Os ministros analisaram o caso da American Glass Products do Brasil que responde a uma ação civil pública movida pelo Ministério Público do Trabalho (MPT) do Paraná. A empresa tinha sido condenada pela 7ª Turma do TST a preencher a cota em três meses sob pena de multa de R$ 10 mil por empregado que faltasse para o integral cumprimento da exigência, além do pagamento de dano moral coletivo no valor de R$ 200 mil.

A companhia, porém, recorreu à SDI-1 do TST com a alegação de que buscou, de todas as formas e por todos os meios possíveis, preencher a cota mínima legal. Segundo o artigo 93, da Lei nº 8.213, de 1991, as empresas que possuem mais de cem empregados têm obrigatoriedade de reservar de 2% a 5% dos seus cargos para os beneficiários reabilitados pelo INSS ou pessoas portadoras de deficiência. A American Glass ainda alegou que a 8ª Turma do TST, ao julgar caso idêntico, excluiu a multa e indenização de empresa que comprovadamente tentou cumprir a cota e não conseguiu, o que demonstraria a divergência entre as turmas.

De acordo com o advogado que representa a companhia, José Alberto Couto Maciel, sócio da Advocacia Maciel, a decisão abre um precedente importante. “Temos visto muitas empresas que querem cumprir a lei e não conseguem por ser difícil de achar deficientes para preencher as vagas”, diz. Ele afirma que em estudo realizado recentemente foram localizados 300 mil deficientes para 600 mil vagas. “Além de não haver deficientes suficientes, existem trabalhos especiais que não podem comportar deficientes”, diz. Para Maciel, “é uma lei que não faz diferenciações e muitas vezes é impossível de se cumprir”.
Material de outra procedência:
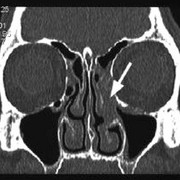 Chronische Rhinosinusitis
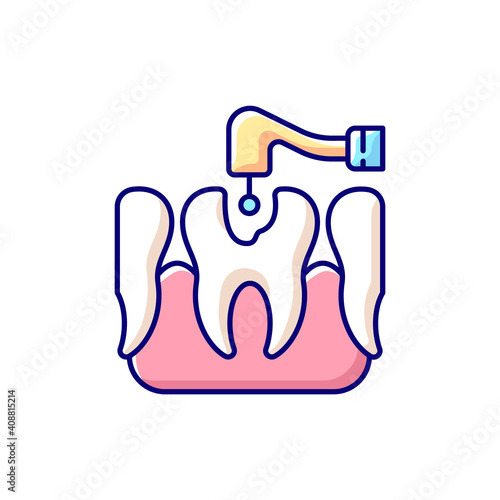 Caries treatment RGB color icon. Tooth recovery stomatology technics. Painless dental treatment. Professional dental care. Crown restoration. Endodontic root canal. Isolated vector illustration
Segundo a decisão do relator na SDI-1, ministro João Batista Brito Pereira, é incontroverso que a companhia tentou preencher as cotas ao se examinar os documentos juntados. A empresa protocolou na Agência do Trabalhador (Sine) anúncios de ofertas de emprego aos portadores de necessidades especiais e deu publicidade às vagas destinadas aos deficientes pela internet.

“Nesse contexto, conquanto seja ônus da empresa cumprir a exigência prevista na lei, ela não pode ser responsabilizada pelo insucesso, quando ficou comprovado que envidou esforços para preencher a cota mínima, sendo indevida a multa bem como não havendo falar em dano moral coletivo”, diz o ministro na decisão. No texto, cita diversos precedentes das turmas do TST nesse sentido.
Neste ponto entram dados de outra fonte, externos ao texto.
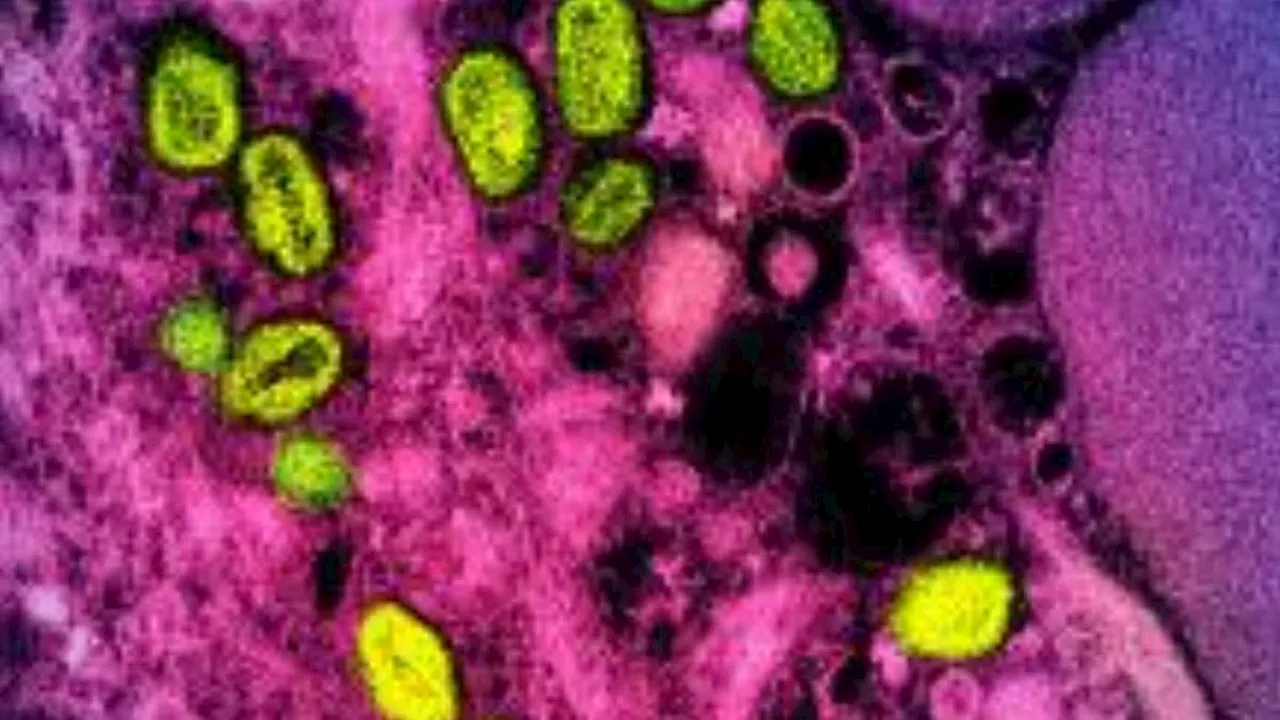 New Deadly Mpox Strain Detected in UK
Pereira ressaltou, porém, que apesar de não caber multa e indenização por dano moral coletivo, “não a exonera [a empresa] da obrigação de promover a admissão de pessoas portadoras de deficiência ou reabilitados, nos termos da lei”. A decisão foi publicada no dia 20 de maio.

Para o advogado trabalhista que atua no TST, Mauricio Corrêa da Veiga, sócio do Corrêa da Veiga Advogados, a decisão da SDI-1 deu esperança às diversas companhias que estão sendo punidas por não conseguirem deficientes suficientes para o trabalho. “Ainda havia divergência nas turmas do TST e com essa decisão a questão fica pacificada”, afirma.
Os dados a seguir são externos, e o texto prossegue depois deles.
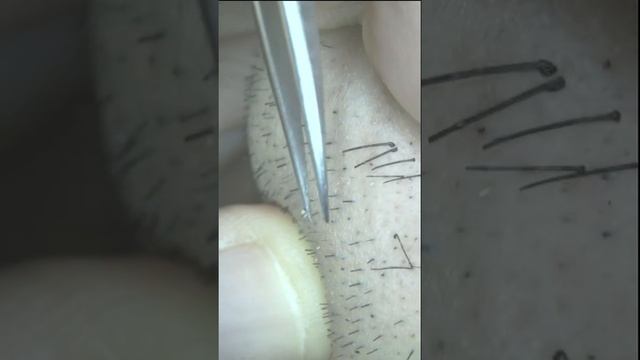 Пинцетом для удаления вросшей бороды for iPhone 2020/11/17 смотреть онлайн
Diante da quantidade de empresas que ainda têm dificuldade em preencher a exigência da lei, Veiga e seu sócio Luciano Pinheiro criaram um núcleo no escritório especializado para assessorar essas companhias. “Nossa defesa sempre se baseou nessa argumentação de que se a empresa tentou de todas as formas e não conseguiu preencher as vagas não poderia ser punida.”

A decisão, segundo o advogado Daniel Chiode, do Mattos Engelberg, demonstra que a Justiça do Trabalho tem sido mais sensível na discussão sobre a punição de companhias que não preenchem cotas de deficientes e de aprendizes. “A instituição dessas cotas não considerava a realidade de determinadas atividades e a existência de identificação de pessoas para assumir essas posições”, diz.

Ele cita empresas no setor do agronegócio, por exemplo, que têm 40 mil pessoas no campo e apenas 500 no administrativo. “Essas empresas não conseguem cumprir a exigência”, afirma. O advogado porém, ressalta, que as companhias têm que comprovadamente demonstrar que tentaram preencher essas vagas.